[Short descriptive text snippets]
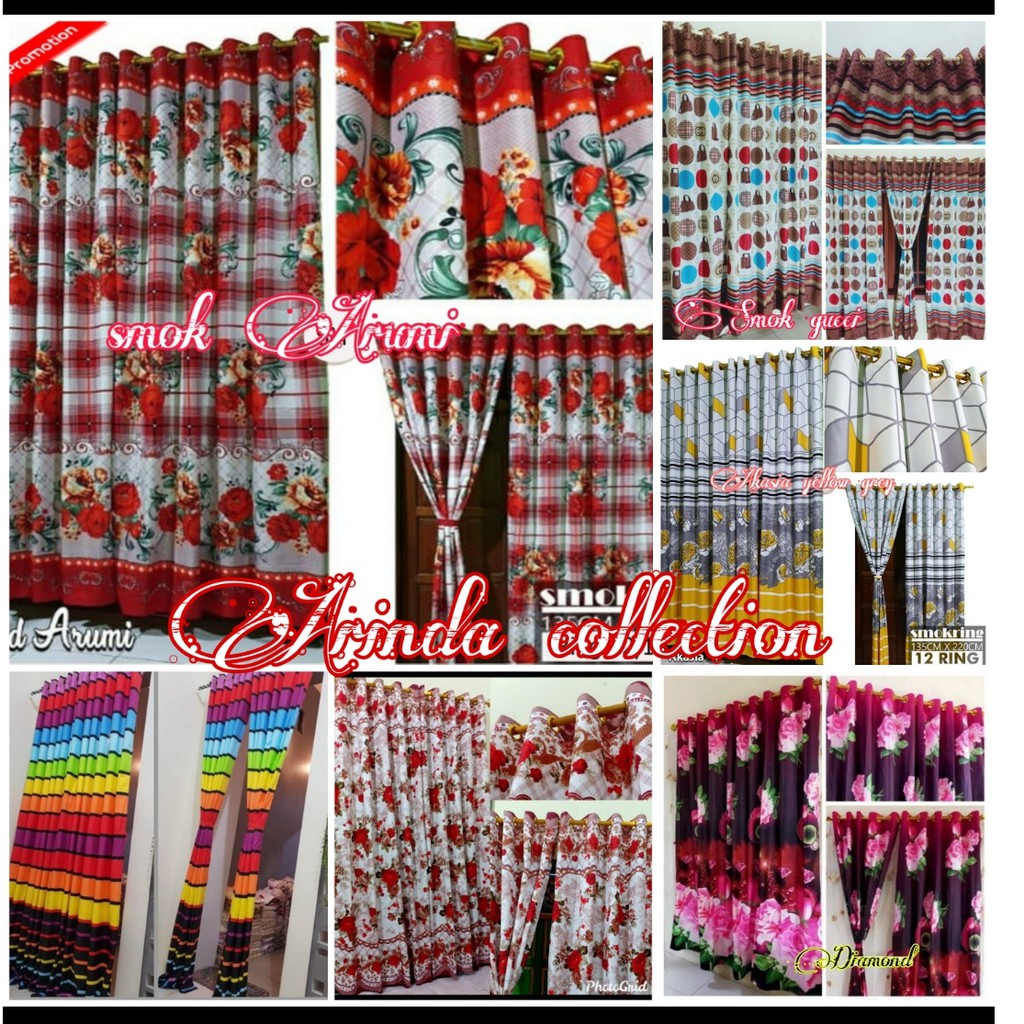 Gorden smokring 12 ring motif bunga uk 135 X 230 cm free tali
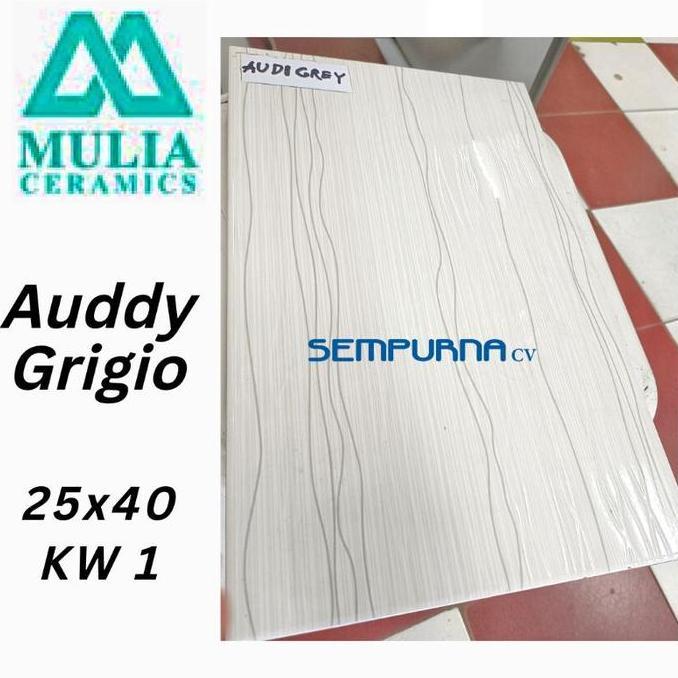 Keramik ubin dinding tembok lantai kilap 3D KW1 Mulia Auddy Gold Grigio glossy 25x40 3 dimensi motif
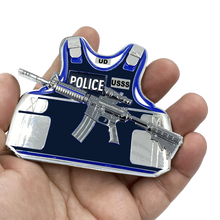 Load image into Gallery viewer, BL15-017 M4 Body Armor 3D self standing Challenge Coin Secret Service Thin Blue Line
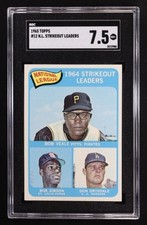 1965 Topps Bob Gibson Bob Veale Don Drysdale #12 League Leaders SGC 7.5 HOF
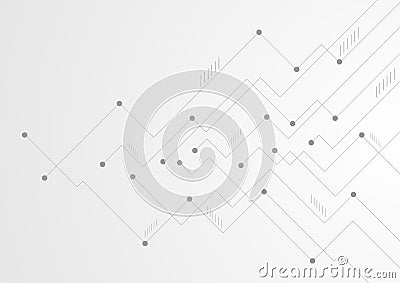 Abstract grey tech circuit board lines chip background Vector Illustration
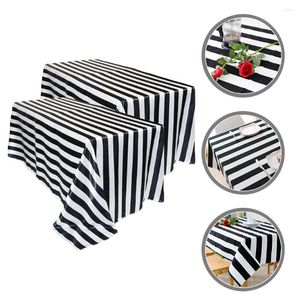 Table Cloth 2 Pcs Striped Tablecloth Simple Black White Pad Carnival Tablecloths Plastic Pool Party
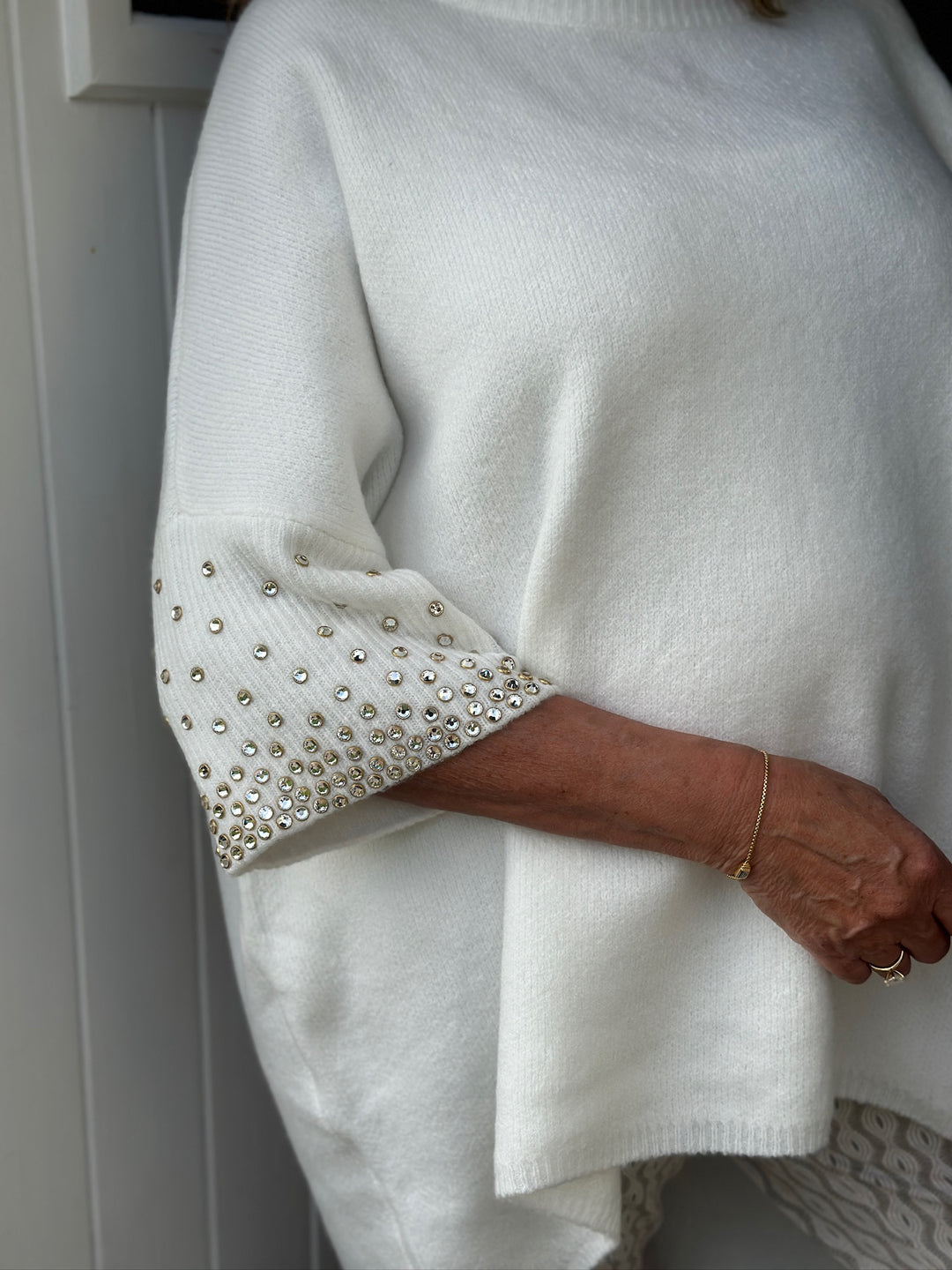 Diamante Sleeve Chunky Knit  | Ivory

Exercise description:
Transcribe the records above exactly, leaving out every picture.

Written response:
 Gorden smokring 12 ring motif bunga uk 135 X 230 cm free tali
 Keramik ubin dinding tembok lantai kilap 3D KW1 Mulia Auddy Gold Grigio glossy 25x40 3 dimensi motif
 Load image into Gallery viewer, BL15-017 M4 Body Armor 3D self standing Challenge Coin Secret Service Thin Blue Line
 1965 Topps Bob Gibson Bob Veale Don Drysdale #12 League Leaders SGC 7.5 HOF
 Abstract grey tech circuit board lines chip background Vector Illustration
 Table Cloth 2 Pcs Striped Tablecloth Simple Black White Pad Carnival Tablecloths Plastic Pool Party
 Diamante Sleeve Chunky Knit  | Ivory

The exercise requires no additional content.